Il grande inganno dell’amore collettivo per Giovanni Falcone è stato costruito a cadavere caldo. I suoi critici in buonafede sono stati sorpresi dall’amarezza e dal dolore sulla via della strage. Hanno trasformato la parola urticante, il dissenso, in preghiera per genuina compensazione. I cinici hanno apparecchiato il catafalco e si sono fatti prestare un fazzoletto pieno di lacrime. Tutto, affinché si dimenticasse il resto. Ma Falcone non è mai stato un giudice simpatico o popolare, nemmeno ai residenti del suo palazzo che si lamentavano per il fastidio della scorta. E c’erano quelli che vagheggiavano villette di vetri antiproiettile, fortilizi di periferia, in cui stipare magistrati molesti, con i mafiosi a piede libero. La scusa era l’ordine pubblico.
No, Giovanni Falcone non era amato in vita. Il nostro Paese ama gli onesti quando muoiono e non sanno nuocere più. Il giudice scannato in via Capaci visse da isolato, con la fedeltà di una donna che ne condivise il destino, con l’amicizia di Paolo Borsellino che l’avrebbe seguito.
Coloro che avversarono Falcone in buonafede dovrebbero semplicemente chiedere scusa. La storia ha distribuito torti e ragioni.

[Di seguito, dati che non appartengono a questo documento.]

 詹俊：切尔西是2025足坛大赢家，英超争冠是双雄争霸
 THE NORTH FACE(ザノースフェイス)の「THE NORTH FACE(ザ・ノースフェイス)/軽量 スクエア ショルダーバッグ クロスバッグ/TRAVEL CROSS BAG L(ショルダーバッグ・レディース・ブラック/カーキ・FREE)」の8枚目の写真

Uno sbaglio che nasce dalla coerenza è sempre uno sbaglio. Ma si perdona per limpidezza e passione. Coloro che furono nemici consapevoli della verità dovrebbero sparire dalla vita pubblica. Eppure sono proprio loro gli ipocriti in prima fila. Si riconoscono subito nella foto di gruppo dell’anniversario. Sono quelli che spintonano per rubare la luce migliore dello scatto, dall’alba al crepuscolo di ogni 23 maggio.